Yes it may be inefficient to delegate some control to lower levels, but when did "efficiency" become a fundamental priciple of war ?"Economy of force" does not necessarily mean "most efficient" but "most effective".

DJL
03-27-2012, 02:21 AM
"Efficiency vs. Effectiveness" is usually a false argument - it tends to emphasize local short term tactical effectiveness over broader or longer term effectiveness, which does not always equal the achievement of desired operational objectives or strategic outcomes. The reason you strive for efficiency is not for efficiency's sake, but rather to remain more effective in the broader scope of your operations, across the entire theater. The "take the bridge" analogy won't work for these kinds of operations, because there aren't 10 brigade commanders - you're probably talking about the ASBC equivalent or two or three max, all sharing the same sustainment brigade. We won't have the mass to make up for our mistakes if we don't synchronize, and gaps in defense, EW support, ISR, etc are created inadvertently by package commanders operating off of partial pictures of the larger operational situation. When you have lots of reserves and slack in your logistics, you can afford to be less efficient, but in the kinds of "operations at distance" ASBC is contemplating, you're only a couple assets deep in several critical mission areas, and some bad calls mean that airplanes start dropping out of the sky due to fuel exhaustion or botched air defense lanes. So yes, the supported/supporting relationship thing is going to be very difficult, and may have to shift dynamically between different commanders dependent on the situation - when you're using the same asset for multiple roles (i.e. CRUDES for IAMD, surface warfare, ASW, and TLAM offensive interdiction), it's going to be tough to determine which assets should play which roles even within the a single functional component (JFMCC in this case). You can't decentralized the JFC authority to apportion and reapportion rapidly, and in some special cases, you may need centralized C2 to get the kinds of permissions you need from above the JFC level. Again, it helps to have one C2 point of entry for those - especially when you need to coordinate the timing of enabling effects (space and cyber) with national assets that not even the JFC owns.

slapout9
03-27-2012, 03:36 AM
When you can collapse the complexity of that matrix to a single row, or a single column, things are not that hard. When you need to tightly couple multiple missions involving multiple domains - tryong to orchestrate all that at the operational level in a timely fashion gets difficult.
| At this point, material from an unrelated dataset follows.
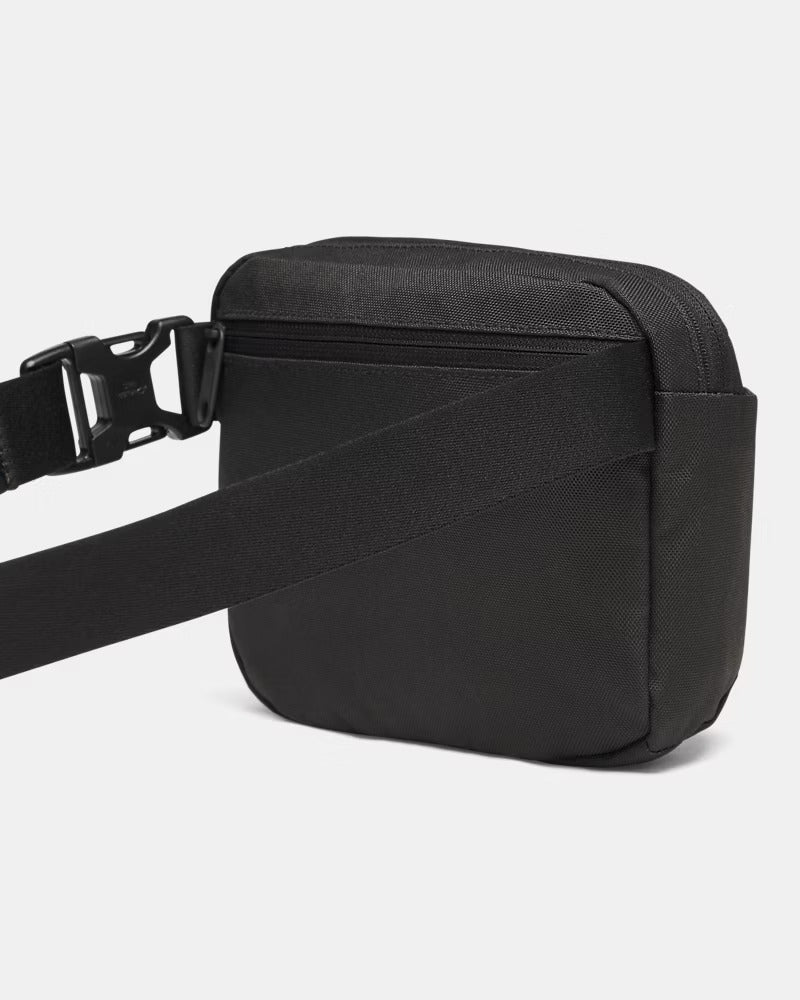 Under Armour Essential 77-6011275 borsa tracolla nera idrorepellente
That was and always has been a problem, the point of Interface between 2 or more Systems. I don't know how the new guys define Interface but it used to mean "Transfer of Function" sounds like crossing a domain:).

Still think you should redo your matrix from domains and missions to domains and vehicles ...easier,simpler and more useful..... just my 2 cents.

pvebber
03-27-2012, 11:47 AM
"Efficiency vs. Effectiveness" is usually a false argument.

It can be - but the most efficient system is also the least resilient - it has single points of failure everywhere.

Fair criticism on the bridge argument - poorly considered in retrospect.


Still think you should redo your matrix from domains and missions to domains and vehicles ...easier,simpler and more useful..... just my 2 cents.

Well missions and vehicles gives you an ATO ;)

How do missions fit into your notion of domains vs vehicles?

slapout9
03-28-2012, 05:35 AM
Well missions and vehicles gives you an ATO ;)

How do missions fit into your notion of domains vs vehicles?

List each domain and the vehicles they have to operate in their domain....now pick and choose the best from each based upon your mission and see if those domain owners will cooperate by sharing their vehicles to form some type of Task Force in order to accomplish the higher/broader mission.